Hai Diary, ini adalah catatanku tentang rasa, tentang seni, tentang pekerjaanku yang berhubungan dengan olah rasa, olah jiwa. Saya itu pembaca, lebih banyak diam dan menulis daripada ngobrol- ngobrol yang tidak jelas. Saya lebih menyukai menyentuh buku dan menelaah kata - katanya daripada permainan otak yang kadang membuat diriku gentar.ba
Membaca Fiksi dan Cerita Silat Awal menyukai Membaca
Gentar karena saya tidak terbiasa hidup dalam kompetisi seperti para pandemen game. Sejak mengenal tulisan, mengenal rangkaian kata, hidup saya selain mengembara dari ladang dan sawah, mulai senja saya sudah bersiap untuk mendekat ke hobi bapak yaitu membaca. Bapak membuatku merasa ikut merasakan ketergantungan mengikuti seri demi seri tulisan yang disewanya.Â
Buku dewasa yang menawarkan permenungan, filosofi kehidupan para pendekar di awal kerajaan Mataram. Tokoh tokoh seperti Agung Sedayu, Glagah Putih, Sutawijaya, Ki Ageng Pemanahan, Kyai Gringsing, melintas dalam daya khayal saya, juga Mahesa Jenar dalam cerita Naga Sasra dan Sabuk Intan. Setelah itu cerita berseri lain karya Asmaraman S Kho Ping Hoo.
Lintasan cerita itu bahkan kadang mengalahkan semangat belajar saya. Lebih senang membaca cerita fiksi daripada buku- buku pelajaran yang sekali membuka langsung merasa bosan. Berbeda ketika membaca karya S H Mintardja, semalam suntuk juga ayo. Padahal waktu itu saya masih SD, masih harus belajar pendidikan dasar, karakter dan motivasi dasar belajar untuk keberlanjutan pendidikan formal.
Ini masalah rasa, membaca komik dan cerita silat bersambung adalah masalah rasa, kalau sudah ketagihan, senang, berlembar- lembar buku,berseri- seri buku juga diikuti. Dari kesukaan membaca membuat daya khayal saya berkembang. Meskipun tidak mempengaruhi kecerdasan karena jujur, saya bukan termasuk dalam kategori pintar, apalagi cerdas. Belajar matematika saja membuat saya merasa tertekan, masih mending jika ketemu pelajaran hapalan.

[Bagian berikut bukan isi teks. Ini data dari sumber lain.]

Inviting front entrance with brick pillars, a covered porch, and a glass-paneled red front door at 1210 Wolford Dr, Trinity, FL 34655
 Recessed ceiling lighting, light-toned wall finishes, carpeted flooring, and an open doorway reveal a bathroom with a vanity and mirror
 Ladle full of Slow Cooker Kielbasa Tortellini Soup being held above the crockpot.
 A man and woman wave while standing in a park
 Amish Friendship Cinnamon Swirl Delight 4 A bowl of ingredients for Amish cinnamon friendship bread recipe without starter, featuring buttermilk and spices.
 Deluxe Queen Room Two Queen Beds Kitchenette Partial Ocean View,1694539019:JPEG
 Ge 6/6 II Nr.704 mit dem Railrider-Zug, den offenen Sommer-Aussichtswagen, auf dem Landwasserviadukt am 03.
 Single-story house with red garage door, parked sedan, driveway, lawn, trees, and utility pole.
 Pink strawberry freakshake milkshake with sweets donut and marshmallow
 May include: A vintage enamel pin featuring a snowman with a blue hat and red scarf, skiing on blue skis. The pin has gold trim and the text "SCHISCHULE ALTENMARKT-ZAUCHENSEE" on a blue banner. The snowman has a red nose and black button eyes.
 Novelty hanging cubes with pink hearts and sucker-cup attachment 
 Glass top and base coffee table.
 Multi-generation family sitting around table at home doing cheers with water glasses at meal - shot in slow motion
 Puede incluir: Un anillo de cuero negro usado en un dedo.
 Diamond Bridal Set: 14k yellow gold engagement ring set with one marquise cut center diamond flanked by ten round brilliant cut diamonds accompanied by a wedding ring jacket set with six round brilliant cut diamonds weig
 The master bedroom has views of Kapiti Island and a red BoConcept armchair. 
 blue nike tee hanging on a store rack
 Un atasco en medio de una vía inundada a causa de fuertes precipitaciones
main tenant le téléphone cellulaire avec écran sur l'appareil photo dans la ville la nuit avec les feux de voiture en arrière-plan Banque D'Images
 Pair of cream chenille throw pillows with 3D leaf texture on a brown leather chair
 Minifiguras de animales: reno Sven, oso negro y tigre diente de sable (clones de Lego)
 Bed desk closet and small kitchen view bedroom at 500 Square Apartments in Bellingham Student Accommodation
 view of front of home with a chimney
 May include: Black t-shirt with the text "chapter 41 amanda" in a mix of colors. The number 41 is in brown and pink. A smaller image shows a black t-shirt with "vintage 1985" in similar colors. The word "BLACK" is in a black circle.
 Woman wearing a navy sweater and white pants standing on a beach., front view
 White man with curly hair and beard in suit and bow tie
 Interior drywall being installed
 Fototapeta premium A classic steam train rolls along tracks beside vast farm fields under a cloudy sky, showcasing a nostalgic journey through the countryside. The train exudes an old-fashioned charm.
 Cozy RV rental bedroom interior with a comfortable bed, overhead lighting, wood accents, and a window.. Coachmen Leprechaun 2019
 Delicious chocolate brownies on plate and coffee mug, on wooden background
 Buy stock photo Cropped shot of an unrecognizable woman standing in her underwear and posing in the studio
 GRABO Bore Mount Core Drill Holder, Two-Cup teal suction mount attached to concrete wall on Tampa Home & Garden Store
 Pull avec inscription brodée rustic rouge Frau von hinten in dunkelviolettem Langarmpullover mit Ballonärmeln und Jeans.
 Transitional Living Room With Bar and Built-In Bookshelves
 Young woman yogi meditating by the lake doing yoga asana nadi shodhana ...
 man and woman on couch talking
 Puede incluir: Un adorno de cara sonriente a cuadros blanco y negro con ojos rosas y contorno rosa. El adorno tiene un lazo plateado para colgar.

Selama sekolah saya hanya merasakan sebuah kesenangan ketika pengajaran dilakukan dengan cara bermain, berhubungan dengan membuat cerita dengan menulis dan mengarang. Bukan berarti menyukai pelajaran bahasa namun sangat senang dengan sastra dan hubungannya dengan aktivitas mengarang dan membaca.
Di SMP dengan rasa dan penasaran saya mulai menyukai buku -- buku petualangan dan cinta, mungkin sesuai dengan gejolak masa ABG yang mulai merasakan bagaimana rasanya jatuh cinta, meskipun mental dan keberanian saya tidaklah seberani anak -- anak sekarang yang sudah bisa berani menyatakan cinta dalam usia yang masih belia. Jatuhnya khayalan saya lebih banyak saya tulis, lebih banyak hadir dalam goresan rasa di kertas kertas ,kosong. Enyd Byliton, Hilman Hariwijaya Gola Gong, Mira W, Eddy D iskandar, bahkan ssst kadang sembunyi membaca buku Anny Arrow (sensor).
Lima Sekawan, Lupus dan kumpulan buku buku percintaan remaja, majalah HAI, majalah BOBO, bacaan cukup berat Intisari sudah saya baca sejak SMP. Cerita -- cerita itu sebetulnya menguar, entah ceritanya susah saya ingat, secara detail. Namun ketika habis membaca saya sering merasa petualangan lima sekawan membuat semakin tumbuh kecintaan saya untuk bertualang. Mencoba menyelidiki hal - hal aneh di sekitar lingkungan, mencoba menganalis berbagai kejanggalan ketika ada peristiwa pencurian. Ah. Gaya ABG yang masih mencari identitas.
Membaca itu mengolah rasa, namun kadang karena hobiku ini membuat saya sering dicap kuper alias kurang pergaulan, lebih suka bercengkerama dengan buku, lebih berasyik masuk dengan dunia khayalan. Padahal jika ingin mendekati cewek bukan hanya pandai merangkai kata - kata saja hingga akhirnya hanya tersimpan rapi tanpa berani mengirimkan kepada sang calon kekasih hati.